SpitAndPolish

Summary

GTK+ supports RGBA-colormaps, which allow to improve the aesthetic looks of the UI, especially in combination with a composited environment (e.g. compiz, metacity with enabled compositor). RGBA-colormaps make it possible to composite child-widgets against their parents background. In addition to that it is also possible to composite top-level windows against the desktop or whatever window is stacked below it, if run under a composited environment. There are two common approaches to make use of this GTK+-feature. The first one is a GTK+-theme engine (e.g. murrine) drawing widgets by default with a RGBA-colormap and choose the opacity on a per-widget-basis. The most popular variation of this - under composited environments - is to have the top-level windows background to be slightly transparent (see screenshot A). The second approach, which also works without a RGBA-capable GTK+-theme, is to manually take care of the clearing and filling of a widgets background in its expose-handler (see screenshots B, C and D).

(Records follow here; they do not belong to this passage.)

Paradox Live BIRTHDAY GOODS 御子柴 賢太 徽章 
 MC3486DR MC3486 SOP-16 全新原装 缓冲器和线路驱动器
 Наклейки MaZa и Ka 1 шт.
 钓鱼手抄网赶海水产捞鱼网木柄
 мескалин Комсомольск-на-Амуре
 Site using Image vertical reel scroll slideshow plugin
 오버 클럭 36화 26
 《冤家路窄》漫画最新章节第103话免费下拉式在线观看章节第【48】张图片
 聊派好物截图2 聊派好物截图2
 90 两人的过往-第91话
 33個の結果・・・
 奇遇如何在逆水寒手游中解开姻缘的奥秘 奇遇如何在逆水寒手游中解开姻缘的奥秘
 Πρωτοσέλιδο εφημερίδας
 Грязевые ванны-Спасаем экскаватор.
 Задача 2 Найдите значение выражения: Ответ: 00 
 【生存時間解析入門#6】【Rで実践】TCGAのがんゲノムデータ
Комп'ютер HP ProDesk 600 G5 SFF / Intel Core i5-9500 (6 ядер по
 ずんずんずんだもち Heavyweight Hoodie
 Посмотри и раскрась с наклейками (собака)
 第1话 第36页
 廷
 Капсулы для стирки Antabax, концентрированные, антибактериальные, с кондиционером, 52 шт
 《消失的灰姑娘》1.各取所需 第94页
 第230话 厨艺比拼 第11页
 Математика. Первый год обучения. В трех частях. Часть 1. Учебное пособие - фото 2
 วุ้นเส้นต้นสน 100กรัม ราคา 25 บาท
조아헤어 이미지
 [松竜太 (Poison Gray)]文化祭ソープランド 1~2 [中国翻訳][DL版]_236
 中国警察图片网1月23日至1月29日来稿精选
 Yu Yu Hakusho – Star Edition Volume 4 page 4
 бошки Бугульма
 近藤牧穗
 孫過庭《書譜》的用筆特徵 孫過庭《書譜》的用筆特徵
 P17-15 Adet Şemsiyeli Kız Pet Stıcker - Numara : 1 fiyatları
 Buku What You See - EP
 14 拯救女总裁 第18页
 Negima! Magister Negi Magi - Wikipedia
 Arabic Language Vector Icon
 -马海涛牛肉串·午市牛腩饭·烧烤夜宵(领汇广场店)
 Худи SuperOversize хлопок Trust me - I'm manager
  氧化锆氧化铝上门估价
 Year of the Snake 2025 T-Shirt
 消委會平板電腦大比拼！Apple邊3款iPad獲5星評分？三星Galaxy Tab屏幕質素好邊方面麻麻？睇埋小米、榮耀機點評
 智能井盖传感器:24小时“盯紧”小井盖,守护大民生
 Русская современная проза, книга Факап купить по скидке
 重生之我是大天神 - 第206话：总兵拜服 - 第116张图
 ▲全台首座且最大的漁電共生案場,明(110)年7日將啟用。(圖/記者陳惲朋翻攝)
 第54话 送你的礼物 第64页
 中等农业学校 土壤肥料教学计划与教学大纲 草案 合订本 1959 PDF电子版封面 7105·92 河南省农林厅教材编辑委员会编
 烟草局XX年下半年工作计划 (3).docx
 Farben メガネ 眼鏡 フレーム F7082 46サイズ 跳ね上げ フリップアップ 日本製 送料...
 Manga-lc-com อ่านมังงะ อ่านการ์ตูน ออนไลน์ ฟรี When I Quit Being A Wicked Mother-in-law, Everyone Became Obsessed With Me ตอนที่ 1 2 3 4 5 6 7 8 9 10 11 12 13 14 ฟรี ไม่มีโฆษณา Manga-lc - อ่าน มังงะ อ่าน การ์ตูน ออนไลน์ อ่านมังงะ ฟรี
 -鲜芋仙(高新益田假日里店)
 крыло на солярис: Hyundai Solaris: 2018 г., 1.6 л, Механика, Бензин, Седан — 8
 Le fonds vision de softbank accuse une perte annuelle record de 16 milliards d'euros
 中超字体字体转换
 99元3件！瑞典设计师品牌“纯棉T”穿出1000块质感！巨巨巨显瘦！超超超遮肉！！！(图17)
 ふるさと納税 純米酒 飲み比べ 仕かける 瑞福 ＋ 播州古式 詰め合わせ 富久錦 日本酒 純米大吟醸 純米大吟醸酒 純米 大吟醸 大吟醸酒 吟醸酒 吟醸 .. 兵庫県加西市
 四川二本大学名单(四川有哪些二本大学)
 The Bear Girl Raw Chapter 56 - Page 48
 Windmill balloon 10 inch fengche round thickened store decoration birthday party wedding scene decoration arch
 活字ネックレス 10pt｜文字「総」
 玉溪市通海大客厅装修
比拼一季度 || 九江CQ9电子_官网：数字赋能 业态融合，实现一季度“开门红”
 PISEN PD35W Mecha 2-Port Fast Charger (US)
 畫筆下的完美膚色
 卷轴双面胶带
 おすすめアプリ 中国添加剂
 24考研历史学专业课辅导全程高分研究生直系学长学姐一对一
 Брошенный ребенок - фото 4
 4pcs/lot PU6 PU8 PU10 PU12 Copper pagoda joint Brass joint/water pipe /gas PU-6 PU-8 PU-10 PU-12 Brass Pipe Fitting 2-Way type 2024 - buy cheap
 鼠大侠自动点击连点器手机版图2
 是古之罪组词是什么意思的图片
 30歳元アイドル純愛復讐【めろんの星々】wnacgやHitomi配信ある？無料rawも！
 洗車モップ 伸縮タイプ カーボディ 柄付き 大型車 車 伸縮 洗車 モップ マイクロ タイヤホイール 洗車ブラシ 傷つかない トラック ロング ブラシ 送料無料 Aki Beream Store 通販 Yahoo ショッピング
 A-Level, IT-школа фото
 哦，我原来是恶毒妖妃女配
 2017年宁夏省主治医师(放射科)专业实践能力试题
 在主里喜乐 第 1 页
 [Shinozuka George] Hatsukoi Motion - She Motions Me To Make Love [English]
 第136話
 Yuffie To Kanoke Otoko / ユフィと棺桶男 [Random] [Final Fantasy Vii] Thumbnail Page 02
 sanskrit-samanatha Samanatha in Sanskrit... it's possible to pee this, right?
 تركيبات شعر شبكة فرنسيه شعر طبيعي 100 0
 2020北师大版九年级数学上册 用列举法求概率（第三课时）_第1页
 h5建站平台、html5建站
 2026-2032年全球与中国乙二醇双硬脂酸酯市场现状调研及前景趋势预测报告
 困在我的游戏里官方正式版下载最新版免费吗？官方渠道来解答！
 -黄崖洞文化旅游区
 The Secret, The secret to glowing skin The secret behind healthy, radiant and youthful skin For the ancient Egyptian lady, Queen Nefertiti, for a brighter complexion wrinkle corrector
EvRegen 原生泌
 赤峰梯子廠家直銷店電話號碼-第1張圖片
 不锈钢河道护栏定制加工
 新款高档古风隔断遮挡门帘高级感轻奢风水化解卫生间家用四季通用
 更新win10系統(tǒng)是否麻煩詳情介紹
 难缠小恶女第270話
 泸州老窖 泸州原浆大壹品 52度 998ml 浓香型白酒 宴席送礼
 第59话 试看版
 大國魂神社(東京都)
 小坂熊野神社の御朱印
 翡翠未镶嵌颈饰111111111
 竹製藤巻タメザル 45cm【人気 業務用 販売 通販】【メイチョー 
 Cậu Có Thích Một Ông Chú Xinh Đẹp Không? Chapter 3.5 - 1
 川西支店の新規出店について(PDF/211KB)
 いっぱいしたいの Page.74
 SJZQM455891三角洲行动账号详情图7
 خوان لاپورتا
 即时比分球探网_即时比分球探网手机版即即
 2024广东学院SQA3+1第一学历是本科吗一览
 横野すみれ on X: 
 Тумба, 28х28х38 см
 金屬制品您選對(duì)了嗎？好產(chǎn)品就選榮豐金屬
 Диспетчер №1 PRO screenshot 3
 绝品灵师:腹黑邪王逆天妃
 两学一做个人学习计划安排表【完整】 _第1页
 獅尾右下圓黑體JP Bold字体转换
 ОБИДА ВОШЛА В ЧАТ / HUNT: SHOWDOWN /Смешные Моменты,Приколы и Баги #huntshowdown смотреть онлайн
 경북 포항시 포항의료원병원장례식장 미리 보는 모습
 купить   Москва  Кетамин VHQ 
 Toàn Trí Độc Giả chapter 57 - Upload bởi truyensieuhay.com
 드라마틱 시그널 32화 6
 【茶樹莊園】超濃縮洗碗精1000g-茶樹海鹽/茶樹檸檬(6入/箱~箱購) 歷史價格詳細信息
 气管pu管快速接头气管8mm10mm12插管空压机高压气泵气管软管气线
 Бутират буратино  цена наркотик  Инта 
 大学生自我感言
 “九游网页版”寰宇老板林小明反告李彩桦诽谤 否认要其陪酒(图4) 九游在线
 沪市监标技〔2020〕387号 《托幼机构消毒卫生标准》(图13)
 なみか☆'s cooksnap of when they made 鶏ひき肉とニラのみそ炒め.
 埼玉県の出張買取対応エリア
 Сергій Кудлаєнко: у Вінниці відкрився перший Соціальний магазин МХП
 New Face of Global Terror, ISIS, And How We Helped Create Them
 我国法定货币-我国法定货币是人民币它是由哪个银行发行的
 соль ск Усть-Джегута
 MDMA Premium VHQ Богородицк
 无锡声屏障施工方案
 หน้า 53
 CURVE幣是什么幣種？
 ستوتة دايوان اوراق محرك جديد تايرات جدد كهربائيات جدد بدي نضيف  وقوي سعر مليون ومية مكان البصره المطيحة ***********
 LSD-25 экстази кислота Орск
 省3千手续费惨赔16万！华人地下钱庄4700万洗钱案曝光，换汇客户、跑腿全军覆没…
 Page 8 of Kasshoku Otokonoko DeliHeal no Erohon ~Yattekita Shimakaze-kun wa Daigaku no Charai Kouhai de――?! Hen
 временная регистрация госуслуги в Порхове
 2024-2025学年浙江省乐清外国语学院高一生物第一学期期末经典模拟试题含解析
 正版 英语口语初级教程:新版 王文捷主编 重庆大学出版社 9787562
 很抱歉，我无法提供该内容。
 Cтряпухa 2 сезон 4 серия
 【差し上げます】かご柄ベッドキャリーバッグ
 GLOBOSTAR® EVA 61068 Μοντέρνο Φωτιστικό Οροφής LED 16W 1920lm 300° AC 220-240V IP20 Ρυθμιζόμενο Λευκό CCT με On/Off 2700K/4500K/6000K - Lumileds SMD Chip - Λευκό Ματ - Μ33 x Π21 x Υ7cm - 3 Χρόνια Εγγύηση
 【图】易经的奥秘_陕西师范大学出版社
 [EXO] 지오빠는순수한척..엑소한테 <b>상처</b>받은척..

screenshot A (GTK+-theme-engine murrine with RGBA-support)
http://people.ubuntu.com/~mmueller/spit-and-polish/murrine-rgba.jpg

screenshot B (top-level window composited against desktop)
http://people.ubuntu.com/~mmueller/spit-and-polish/authenticate-rgba.png

screenshot C (top-level window composited against desktop)
http://people.ubuntu.com/~mmueller/spit-and-polish/logout-rgba.png

screenshot D (buttons composited against window-background)
http://people.ubuntu.com/~mmueller/spit-and-polish/brasero-rgba.png

This spec does not have a targetted release of Ubuntu and should rather be viewed as an on-going effort to improve the looks of the desktop in general. Not all mentioned improvements of UI-elements need to be implemented at once, although it would be nicer from a consistency point of view.

Release Note

Decoration-less popup-dialogs now use slightly rounded corners and subtle transparencies in order to make them visually more pleasing and provide a more consistent look in regards to enabled desktop-effects. Main application windows also have very light transparencies now as long as the application does not override this with custom drawing. These visual effects are only active, if desktop-effects are turned on. Also menus and comboboxes use slightly rounded corners to help unify the look of UI-elements.

Rationale

Unification of UI-elements across the desktop needs to be continued. Offering theme-artists and UI-designers greater flexibilty, makes their work more fun thus more productive. Increasing the visual attractiveness of the GNOME- and Ubuntu-desktop is of paramount importance, because users demand and expect good looking desktop-systems these days. Furthermore we need to stay competitive with offereings form other projects and vendors.

Use Cases

A list with dialogs and widgets that should make use of visual enhancements possible due to the use of RGBA-colormaps and a composited desktop (desktop-effects):

mockup of gnome-screensaver's unlock-dialog (already partly implemented)
http://people.ubuntu.com/~mmueller/spit-and-polish/unlock-mockup.png

mockup of GTK+-widget menu
http://people.ubuntu.com/~mmueller/spit-and-polish/menu-mockup.png

mockup of GTK+-widget combobox
http://people.ubuntu.com/~mmueller/spit-and-polish/combobox-mockup.png

mockup of libgksu's authenticate-dialog (already implemented)
http://people.ubuntu.com/~mmueller/spit-and-polish/authenticate-mockup.png

mockup of gnome-session's logout-dialog (already implemented)
http://people.ubuntu.com/~mmueller/spit-and-polish/logout-mockup.png

Design

There are three sections to address. First there are the decoration-less dialogs, which should be drawn with rounded corners - using roughly the same corner-radius as buttons of the set GTK+-theme do - and a slight transparency in the dialogs background. Then there is the GTK+-theme that needs to make use of RGBA-colormaps, thus a theme-artist can make consistent use of transparencies for certain widgets and application-developers can more easily handle RGBA-drawing without needing to do the needed boiler-plate code themselves. Lastly there are a few GTK+-widgets that need to be adjusted in the way they draw themselves to avoid visual glitches when rendered with RGBA-colormaps on non-opaque backgrounds.

Implementation

Decoration-less dialogs

Good examples for decoration-less dialogs are the unlock-dialog of gnome-screensaver, the logout-dialog of gnome-session and the authenticate-dialog of libgksu. The general approach here is to...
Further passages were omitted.